Key among these is the encounter with the enslaving West that took the slave trade to a new global level, causing Africa to lose not only its non-disabled people, the fruits of their labour as a result, but also its control over its destiny. Through the slave trade, Africa lost its energy and its will to keep becoming. It is like a person who got pierced by thorns during their race to greater ends. They may continue to run, perhaps at a slower pace, perhaps gallantly and perhaps with some progress. But the thorn in their flesh becomes a greater preoccupation of their mind than the normal struggles of journeys to greatness. This preoccupation takes the steam out of their physical strides and, more importantly, saps the energy from their self-belief, confidence and resilience.

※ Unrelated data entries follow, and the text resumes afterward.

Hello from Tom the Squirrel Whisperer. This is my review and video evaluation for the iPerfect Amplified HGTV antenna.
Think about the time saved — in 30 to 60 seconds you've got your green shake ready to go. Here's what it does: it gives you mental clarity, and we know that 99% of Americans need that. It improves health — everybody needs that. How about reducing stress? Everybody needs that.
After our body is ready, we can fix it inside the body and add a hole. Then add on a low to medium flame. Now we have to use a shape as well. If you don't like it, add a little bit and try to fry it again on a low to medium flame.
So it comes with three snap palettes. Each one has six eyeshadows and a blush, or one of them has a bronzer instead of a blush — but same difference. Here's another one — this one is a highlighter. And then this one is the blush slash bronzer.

The encounter with the imperial West also turned Africa from a civilisation growing at its own pace and under its own conditions into a subordinate people to be destroyed and diminished. Africa became a proverbial piece of meat on the Berlin Conference table, cut into pieces for Western consumption and disposal. It disintegrated into small, unviable pieces called colonies, later called countries. It was shamed, disparaged, robbed, exploited, and denuded such that it would be nearly impossible for it to rise again. Like a person who encountered robbers along their journey and got incapacitated in the process of their ordeal, even when Africa seeks to rise, its scars, its traumas and the physical impairments keep it down.

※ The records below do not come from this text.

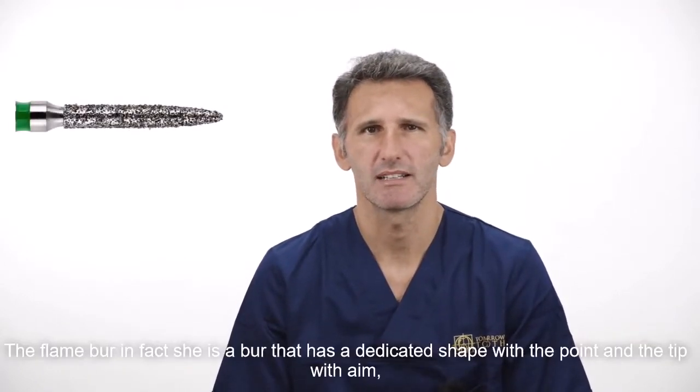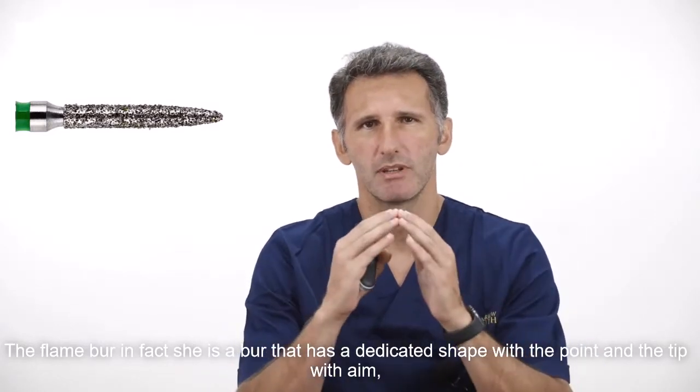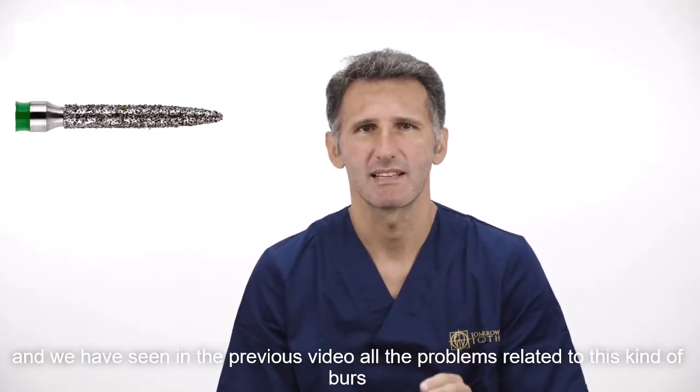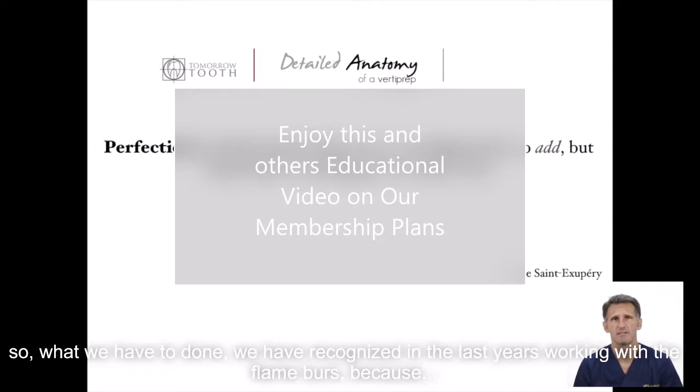The flame bar is a bar that has a dedicated shape with a point and tip with diamond. We have seen in a previous video all the problems related to this kind of bar. So what have we done? We recognized in the last years working with the flame bar...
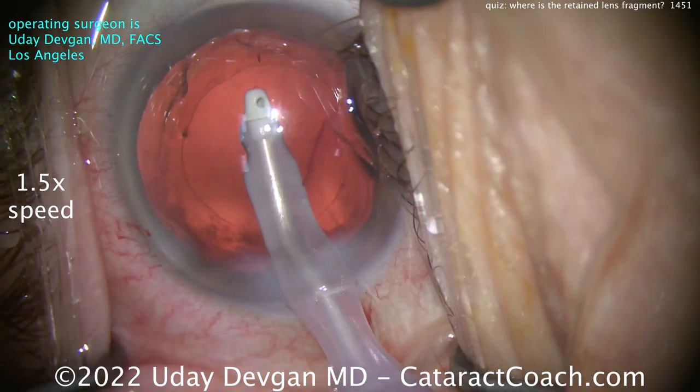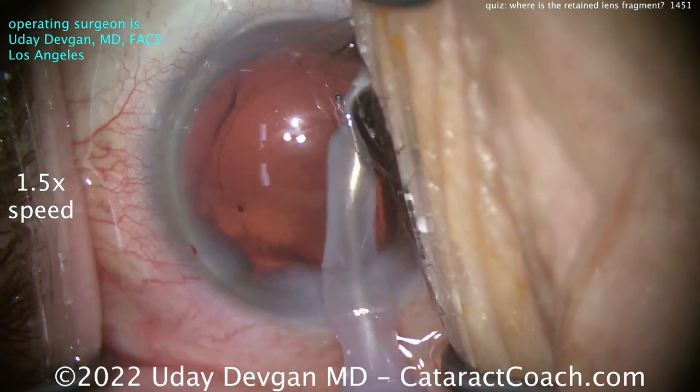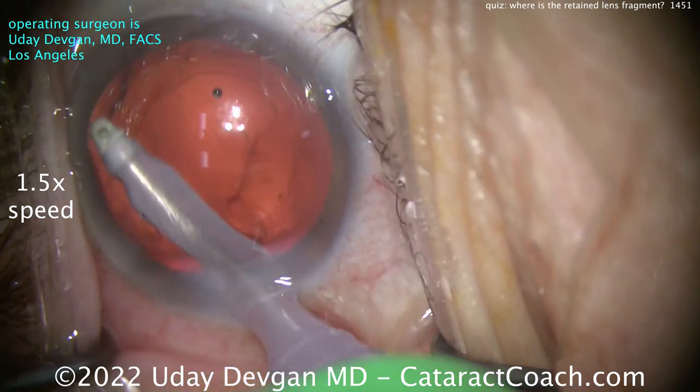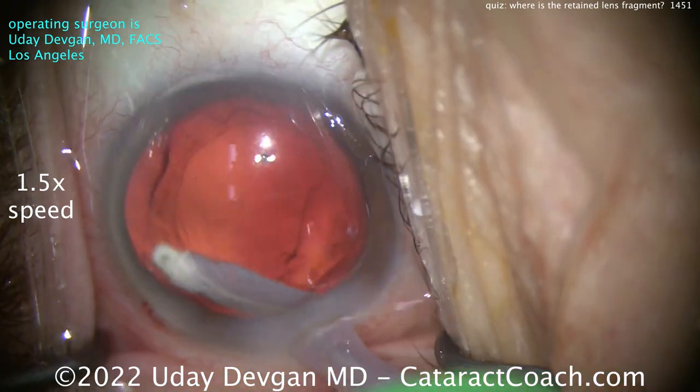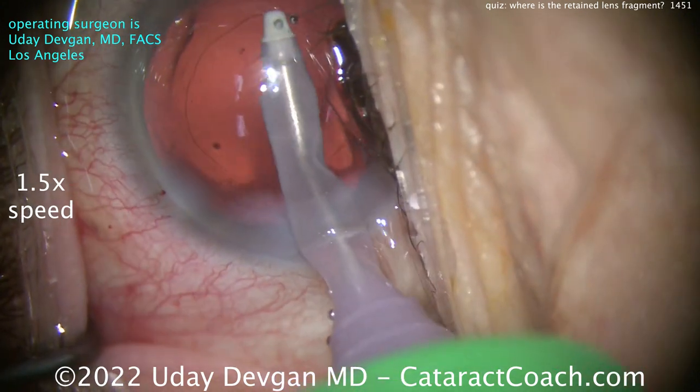I don't want any excuses for why you couldn't find that last piece. It all looks pretty good, right? A little viscoelastic there. Let's polish up the undersurface of the lens capsule — we've got flow at least 40 cc's a minute, so we're flowing a lot of fluid through the eye.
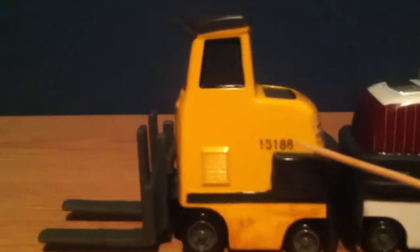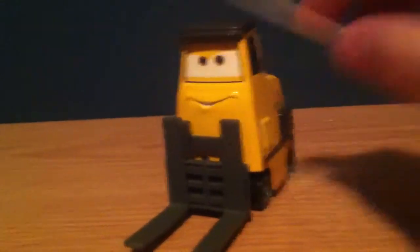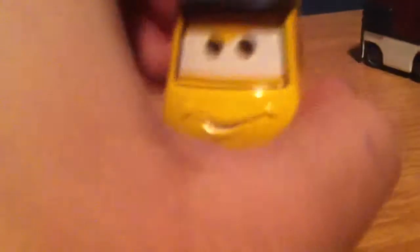Another detail on Muggsy is that he has a number right there. Compared to some other die-casts, he has a lot of details. Like, for example, that Bustamble I've got right there — he's only a green car, but Muggsy has a lot of details.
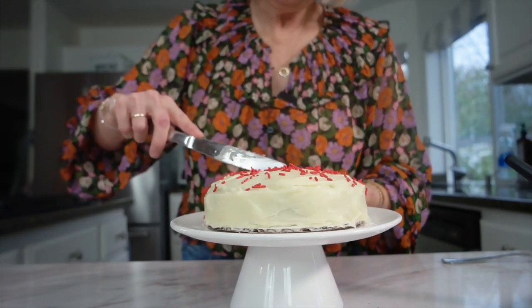All we have to do now is cut ourselves a piece. Like I said, that frosting — the best part. Thank you for joining me in the kitchen today. Make sure you click below to check out some of my other small batch dessert recipes, and I'll see you in the next video.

Later, Africa would encounter global capitalism and its globalisation as a system of great promise, but whose outcome was accelerated plunder, underdevelopment and poverty. It promised wealth for Africa, but in the process, Africa lost its natural resources, young labour and initiative. It remained on the fringes of a prospering Western economic world as a provider of raw material for others’ progress. It participated enthusiastically in material globalisation and even digital globalisation, but it got the short end of the stick.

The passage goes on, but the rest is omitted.